È sinonimo il termine Alkekengi officinarum Moench.

Etimologia –
Il termine Physalis proviene dal greco φῡσᾰλέος physaléos, pieno d’aria (da φῡσα physa bolla): per il caratteristico calice accrescente che forma una sorta di palloncino. L’epiteto specifico alkekengi deriva dallo spagnolo alquequenje, a sua volta derivato dal nome arabo al kakendi, che significa sale nella pentola o da al kakanj ciliegia di terra, probabilmente dal persiano kākunaj.

Distribuzione Geografica ed Habitat –
Physalis alkekengi è una specie di origini euroasiatiche in senso stretto, dall’Europa al Giappone.

Descrizione –
Physalis alkekengi è una specie erbace con portamento cespuglioso di altezza tra i 50 ed i 70 cm con steli erbacei semieretti, foglie ovali-lanceolate (3-6 x 5-10 cm). I fiori presentano una corolla di colore bianco o giallastro e sono isolati all’ascella dei rami mediani e presentano un calice vescicoloso pergamenaceo di colore rosso arancio che avvolge il frutto; al tatto il calice ha consistenza quasi cartacea e spesso è poroso. Il frutto è una bacca sferica di colore rosso arancio, grossa come una ciliegia e di sapore acidulo-amarognolo che contiene numerosi piccoli semi.

Coltivazione –
L’Alkekengi è una pianta che si propaga per seme, raramente per talea (le specie perenni).

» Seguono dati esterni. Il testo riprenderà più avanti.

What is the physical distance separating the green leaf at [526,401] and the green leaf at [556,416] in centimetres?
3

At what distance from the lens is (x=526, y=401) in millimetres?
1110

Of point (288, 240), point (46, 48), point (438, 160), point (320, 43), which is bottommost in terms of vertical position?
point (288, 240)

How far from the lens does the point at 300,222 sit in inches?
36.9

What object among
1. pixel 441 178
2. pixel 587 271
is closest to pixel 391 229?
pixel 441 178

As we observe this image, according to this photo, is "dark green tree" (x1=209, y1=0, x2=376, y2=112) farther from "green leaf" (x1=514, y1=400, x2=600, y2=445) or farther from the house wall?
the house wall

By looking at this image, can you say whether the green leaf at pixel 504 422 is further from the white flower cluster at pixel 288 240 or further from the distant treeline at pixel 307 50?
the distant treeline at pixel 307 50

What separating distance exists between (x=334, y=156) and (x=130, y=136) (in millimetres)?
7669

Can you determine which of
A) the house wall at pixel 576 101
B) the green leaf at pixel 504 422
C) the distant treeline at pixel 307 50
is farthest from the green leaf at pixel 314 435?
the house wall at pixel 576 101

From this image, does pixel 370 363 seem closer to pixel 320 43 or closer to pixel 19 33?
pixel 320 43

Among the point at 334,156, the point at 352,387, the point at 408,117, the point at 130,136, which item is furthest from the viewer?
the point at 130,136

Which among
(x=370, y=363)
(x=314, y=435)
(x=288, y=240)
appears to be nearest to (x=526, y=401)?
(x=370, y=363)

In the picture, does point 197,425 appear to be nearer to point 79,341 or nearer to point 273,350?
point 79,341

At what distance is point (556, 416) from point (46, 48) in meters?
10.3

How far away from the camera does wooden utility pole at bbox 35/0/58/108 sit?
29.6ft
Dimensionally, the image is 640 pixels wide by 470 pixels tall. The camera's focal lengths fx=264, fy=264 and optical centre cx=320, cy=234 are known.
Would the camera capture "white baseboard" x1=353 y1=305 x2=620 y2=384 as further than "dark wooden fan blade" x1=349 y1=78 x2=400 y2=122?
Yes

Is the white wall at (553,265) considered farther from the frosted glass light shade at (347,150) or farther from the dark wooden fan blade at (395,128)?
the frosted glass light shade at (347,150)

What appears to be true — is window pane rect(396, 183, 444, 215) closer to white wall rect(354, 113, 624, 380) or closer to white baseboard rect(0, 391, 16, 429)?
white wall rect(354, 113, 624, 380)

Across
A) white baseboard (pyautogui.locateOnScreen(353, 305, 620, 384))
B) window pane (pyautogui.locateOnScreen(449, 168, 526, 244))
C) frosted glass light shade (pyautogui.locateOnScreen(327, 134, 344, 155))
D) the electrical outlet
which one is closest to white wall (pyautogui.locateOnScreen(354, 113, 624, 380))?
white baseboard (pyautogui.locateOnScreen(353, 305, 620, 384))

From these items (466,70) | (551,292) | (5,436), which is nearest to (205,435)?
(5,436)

I frutti si raccolgono quando sono completamente colorati e si conservano facilmente. Raramente vengono coltivati a scopo commerciale in quanto i frutti aciduli e profumati contengono molti semi. La crescita della pianta è favorita dall’esposizione non diretta ai raggi solari. Per la tecnica di coltivazione si rimanda alla seguente scheda.

Usi e Tradizioni –
L’Alchechengio è un ortaggio minore di cui vengono utilizzati i piccoli frutti carnosi e aciduli, spesso anche a scopo ornamentale. Possiede molte proprietà terapeutiche, anche riconosciute a livello popolare, tra le quali spiccano azioni contro i calcoli renali e vescicali e come forte diuretico inoltre anche come integratore di vitamina C. oltre alla vitamina C, contiene acido citrico, tannino e zucchero.
È coltivata fin dall’antichità per le sue proprietà medicinali. Non è da confondere con il Physalis peruvianus (chiamato anche Cape gooseberry) che è della stessa forma e struttura ma beige e con la Physalis ixocarpa che produce una bacca molto più grossa, verde (o porpora) e simile a un pomodoro sempre, però, rivestita da un calice verde (o porpora) con forma simile all’alkekengi.
La parte commestibile della pianta è rappresentata dalle bacche che si maturano a settembre ed hanno la forma di una piccola ciliegia e con un gusto che ricorda quello del lampone o quello del pomodoro.
I calici di colore arancione acceso tendente al rosso che avvolgono le bacche di questa specie rendono la pianta adatta a fini decorativi.

Modalità di Preparazione –
Il Physalis alkekengi è coltivato, a scopo alimentare, per le sue bacche dalle quali si può ricavare un’ottima marmellata; queste si possono mangiare da sole o aggiunte alle insalate. Se seccate leggermente si possono mettere sott’aceto o in salamoia. Possono essere preparate anche candite o ricoperte di cioccolato fondente.

Guido Bissanti

Fonti
– Acta Plantarum – Flora delle Regioni italiane.
– Wikipedia, l’enciclopedia libera.
– Treben M., 2000. La Salute dalla Farmacia del Signore, Consigli ed esperienze con le erbe medicinali, Ennsthaler Editore
– Pignatti S., 1982. Flora d’Italia, Edagricole, Bologna.
– Conti F., Abbate G., Alessandrini A., Blasi C. (a cura di), 2005. An annotated checklist of the Italian vascular flora, Palombi Editore.

Attenzione: Le applicazioni farmaceutiche e gli usi alimurgici sono indicati a mero scopo informativo, non rappresentano in alcun modo prescrizione di tipo medico; si declina pertanto ogni responsabilità sul loro utilizzo a scopo curativo, estetico o alimentare.